The following code reads the vectors for Qnodes as `head` and Properties as `relation`.

The files used in the code are produced by `kgtk graph-embeddings` code as a byproduct, in the folder specified by the `-T` option

In [None]:
relation_names_list = json.load(open(f"{os.environ['TEMP']}/output/dynamic_rel_names.json"))
entity_names_list = json.load(open(f"{os.environ['TEMP']}/output/entity_names_all_0.json"))
prop_count = len(relation_names_list)

# operators
operator_lhs = ComplexDiagonalDynamicOperator(vector_dimension, prop_count)
operator_rhs = ComplexDiagonalDynamicOperator(vector_dimension, prop_count)
comparator = DotComparator()
cos_comparator = CosComparator()
with h5py.File(f"{os.environ['TEMP']}/output/model/model.v100.h5", "r") as hf:
 operator_state_dict_lhs = {
 "real": torch.from_numpy(hf["model/relations/0/operator/lhs/real"][...]),
 "imag": torch.from_numpy(hf["model/relations/0/operator/lhs/imag"][...]),
 }
 operator_state_dict_rhs = {
 "real": torch.from_numpy(hf["model/relations/0/operator/rhs/real"][...]),
 "imag": torch.from_numpy(hf["model/relations/0/operator/rhs/imag"][...]),
 }
 
operator_lhs.load_state_dict(operator_state_dict_lhs)
operator_rhs.load_state_dict(operator_state_dict_rhs)

# Load the embeddings
with h5py.File(f"{os.environ['TEMP']}/output/model/embeddings_all_0.v100.h5", "r") as hf:
 arnold_embedding = torch.from_numpy(hf["embeddings"][...])


entity_to_index = {}
for i, entity in enumerate(entity_names_list):
 entity_to_index[entity] = i
 

rel_index = {}
for i, rel in enumerate(relation_names_list):
 rel_index[rel] = i

The following function takes as input a `Qnode` and a `Property`, and outputs a vector which should be similar to the value of the relation.

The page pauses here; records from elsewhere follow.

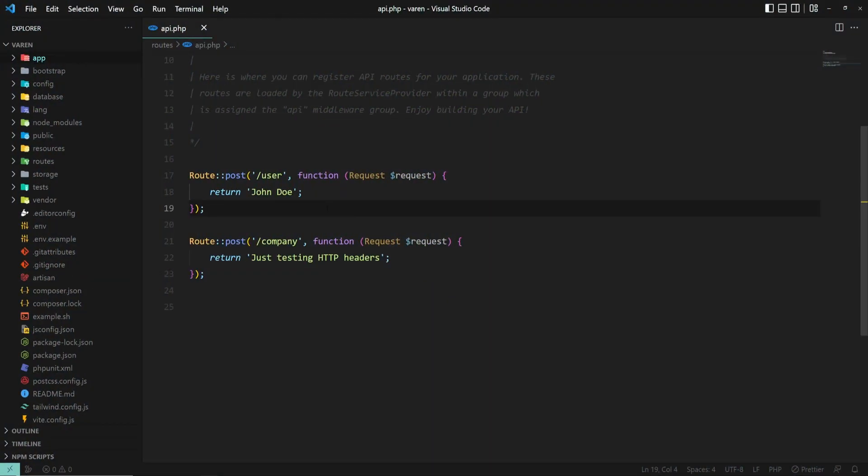Hey there, let's look at how we can add custom headers to HTTP responses in a Laravel application.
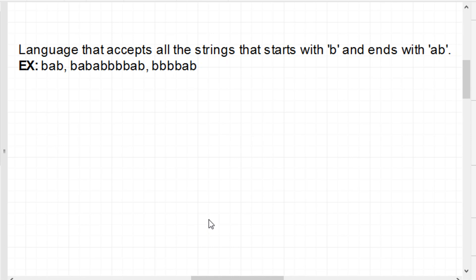Hello everyone, welcome to this video. So, let's do a regular expression. The first question is: the language that accepts all the strings that starts with b and ends with ab.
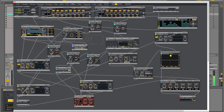I recently got this program called Ocelot. It's a modular synthesizer — a digital modular synthesizer — created by a company called Max for Cats, and it's really cool.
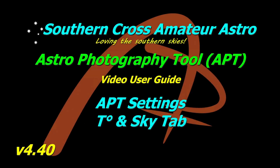Hi all, welcome to Southern Cross Amateur Astro where we continue our video user guide for APT by looking at the temperature and sky tab in APT settings. Let's get going.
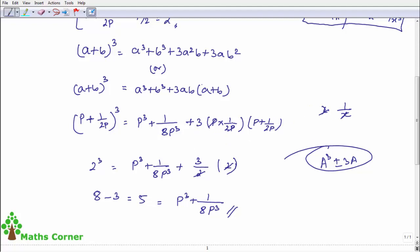So we used the a cubed plus b cubed — a plus b the whole cube formula. This is a basic formula. If you found this video useful, please like, comment, share with friends, and subscribe. Thanks for watching.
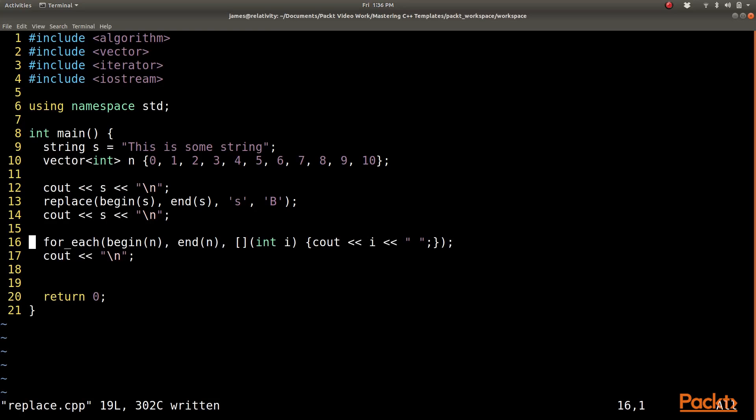The next thing I am going to do is print all of the numbers in the vector n to the screen so that we have a base reference of what we are looking at.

For example, Qnode: `Q37079` = Tom Cruise, Property: `P166` = awards received and output a vector similar to awards. We will see this equation in action in the subsequent examples.

In [None]:
def get_embed(head, relation=None):
 ''' This function generate the embeddings for the tail entities:
 Head entities: Obtained from the model
 Head + relation: Obtained using torch
 :param head: subject Qnode
 :param relation: optional property
 '''
 if relation is None:
 return arnold_embedding[entity_to_index[head], :].detach().numpy()
 return operator_lhs(
 arnold_embedding[entity_to_index[head], :].view(1, vector_dimension),
 torch.tensor([rel_index[relation]])
 ).detach().numpy()[0]

#### Get the vector for `Q37079` (Tom Cruise) + `P166` (award received), then find most similar entities

In [None]:
_vector = get_embed('Q37079', 'P166')
kgtk_most_similar(ge_vectors, positive=[_vector], topn=10)

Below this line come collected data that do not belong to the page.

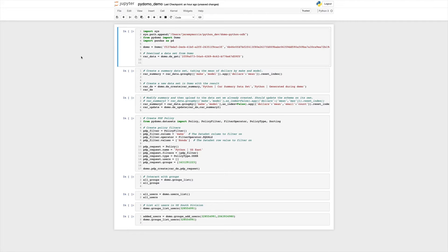Hello, today I'll be walking through how to use our Python SDK. The SDK is designed to help you interface with Domo from Python easily. We'll walk through some of the basic options here, and we will refer you to our GitHub page for additional details.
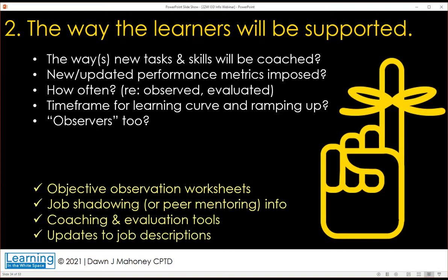Objective observation worksheets: if learners are performing several new tasks, observation is a key way to know whether training content is still relevant based on how they actually do things on the job. Peer mentoring and job shadowing can be an excellent learning methodology, but it can also break people — so control the conversation. At design meetings with SMEs and key stakeholders, consider whether the training aligns with the job expectations and job descriptions these people are working under.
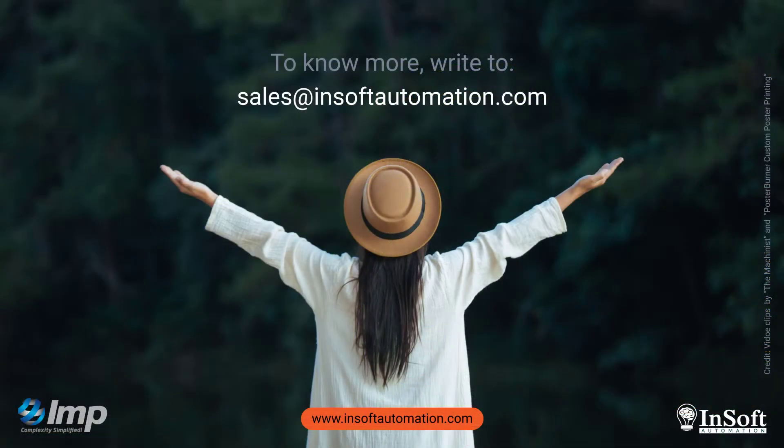For more information, write to us at sales at insoftautomation.com. Thanks very much for your time.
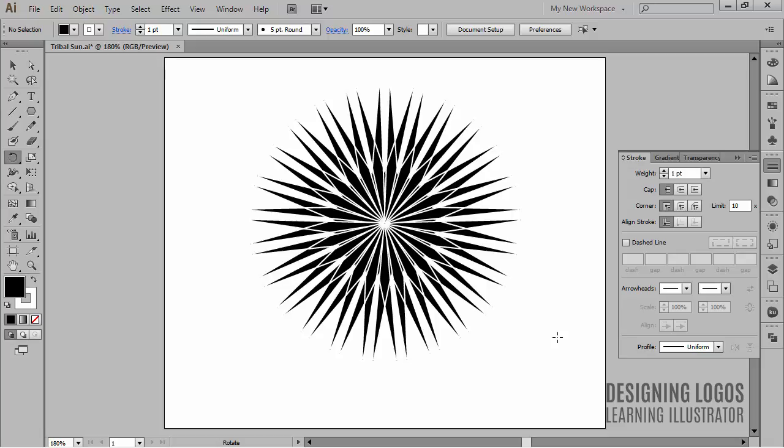So these are the basic transformations and transformation tools. In the next section, we will talk about creating and editing type.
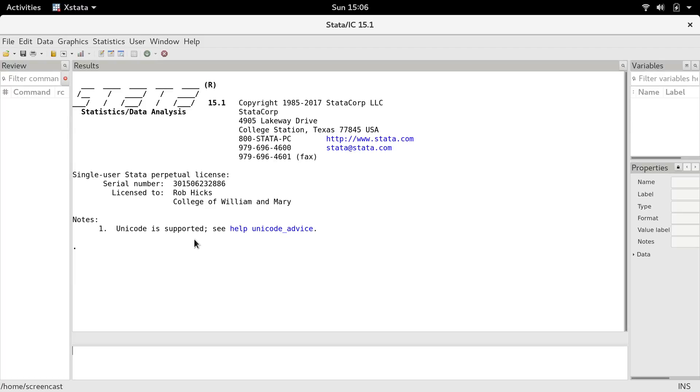Hi, I'm making this little screencast to show you the workflow for using Markstat with Stata. I'm assuming you've already installed Markstat and issued those whereis commands to tell Stata where to find key things like Pandoc. If you're having problems with that, don't forget to file an issue on the GitLab website.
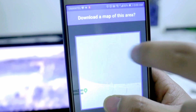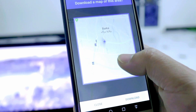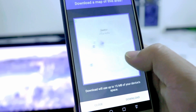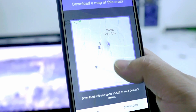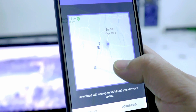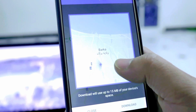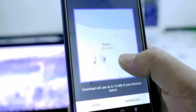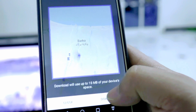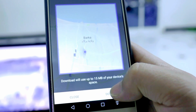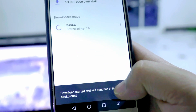There is a 'Select Your Own Map' option — click on that and you will get this interface. Whichever place you want, just adjust the square on that area and you can download it. Right now I want to download this area offline. There is a download button — I'll click it. This is 15 MB, and it's started downloading.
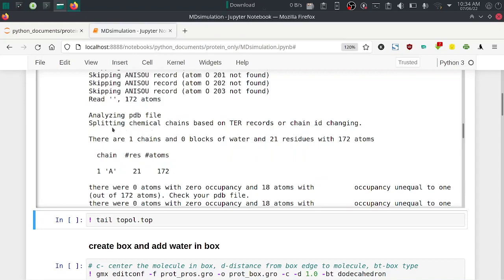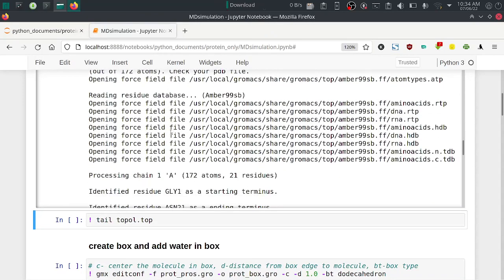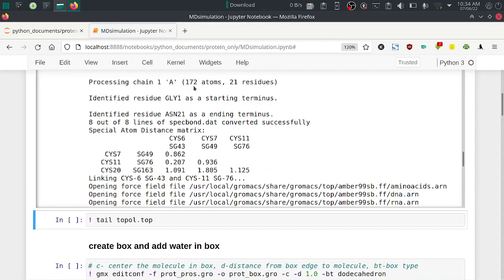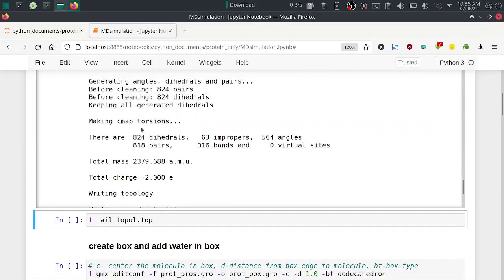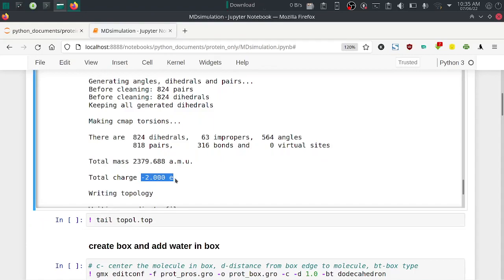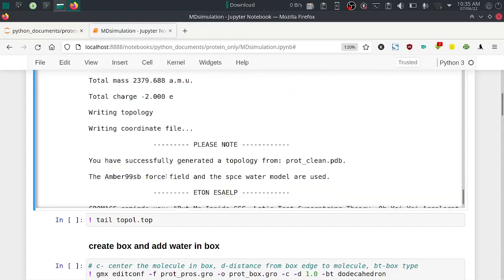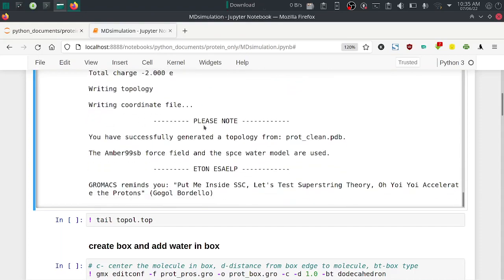There is one chain with 21 amino acid residues — glycine is the starting residue and Asn21 is the ending residue. The command completed successfully, writing the topology. The total charge is -2, which means we have a charge of minus 2. We need to neutralize this charge in the add ions step.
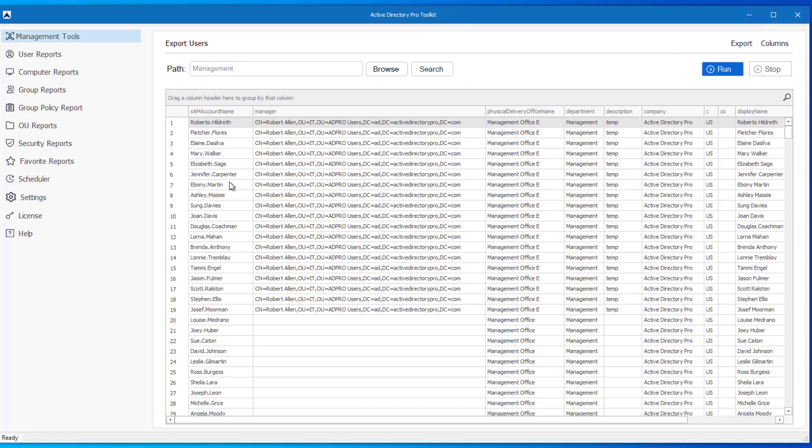In this video, I'm going to show you how to export a list of Active Directory user accounts and then bulk update them using the Active Directory Pro Toolkit.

#### Get the vector for `Q170564` (Terminator 2: Judgement Day) + `P161` (cast member), then find most similar entities

In [None]:
_vector = get_embed('Q170564', 'P161')
kgtk_most_similar(ge_vectors, positive=[_vector], topn=10)

#### Get the vector for `Q104123` (Pulp Fiction) + `P161` (cast member), then find most similar entities

In [None]:
_vector = get_embed('Q104123', 'P161')
kgtk_most_similar(ge_vectors, positive=[_vector], topn=10)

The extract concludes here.